Wrong result with bitwise inclusive OR

Question

I can't figure out why does inclusive OR return wrong result.

char arr[] = { 0x0a, 0xc0 };
uint16_t n{};

n = arr[0]; // I get 0x000a here.
n = n << 8; // Shift to the left and get 0x0a00 here.
n = n | arr[1]; // But now the n value is 0xffc0 instead of 0x0ac0.

What is the mistake in this example? Console app, MVS Community 2017.

Answer 1

The unintended 0xff is caused by sign bit extension of 0xc0.

0xc0 = 0b11000000

Hence, the uppermost bit is set which means sign for char (as signed char).

Please, note that all arithmetic and bitwise operations in C++ work with at least int (or unsigned int). Smaller types are promoted before and clipped afterwards.
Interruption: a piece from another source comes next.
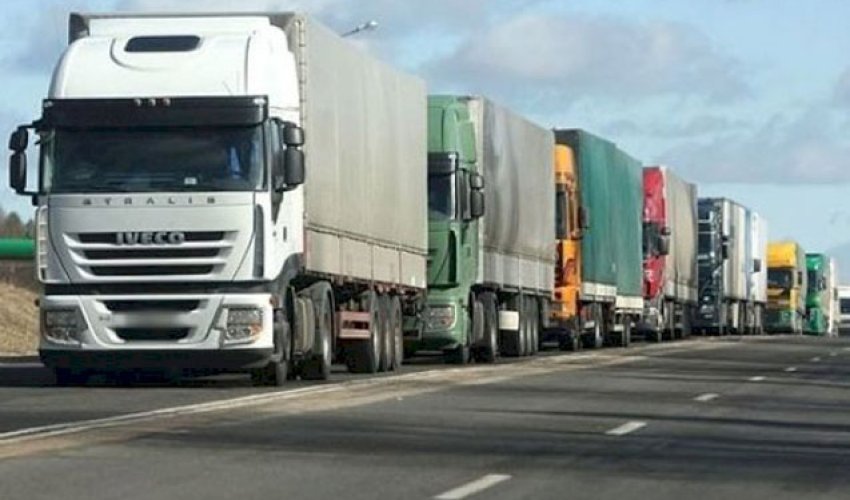 Gürcüstan gömrüyündə saxlanılan Azərbaycanın yük avtomobilləri sərbəst buraxılıblar - Yenilənib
Please, note also that char may be signed or unsigned. That's compiler implementation dependent. Obviously, it's signed in the case of OP. To prevent the unintended sign extension, the argument has to become unsigned (early enough).

Demonstration:

#include <iostream>

int main()
{
  char arr[] = { '\x0a', '\xc0' };
  uint16_t n{};

  n = arr[0]; // I get 0x000a here.
  n = n << 8; // Shift to the left and get 0x0a00 here.
  n = n | arr[1]; // But now the n value is 0xffc0 instead of 0x0ac0.
  std::cout << std::hex << "n (wrong): " << n << std::endl;
  n = arr[0]; // I get 0x000a here.
  n = n << 8; // Shift to the left and get 0x0a00 here.
  n = n | (unsigned char)arr[1]; // (unsigned char) prevents sign extension
  std::cout << std::hex << "n (right): " << n << std::endl;
  return 0;

}

Session:

g++ -std=c++11 -O2 -Wall -pthread main.cpp && ./a.out
n (wrong): ffc0
n (right): ac0

Life demo on coliru

Note:

I had to change
char arr[] = { 0x0a, 0xc0 };
to
char arr[] = { '\x0a', '\xc0' };
to come around serious compiler complaints. I guess, these complaints where strongly related to this issue.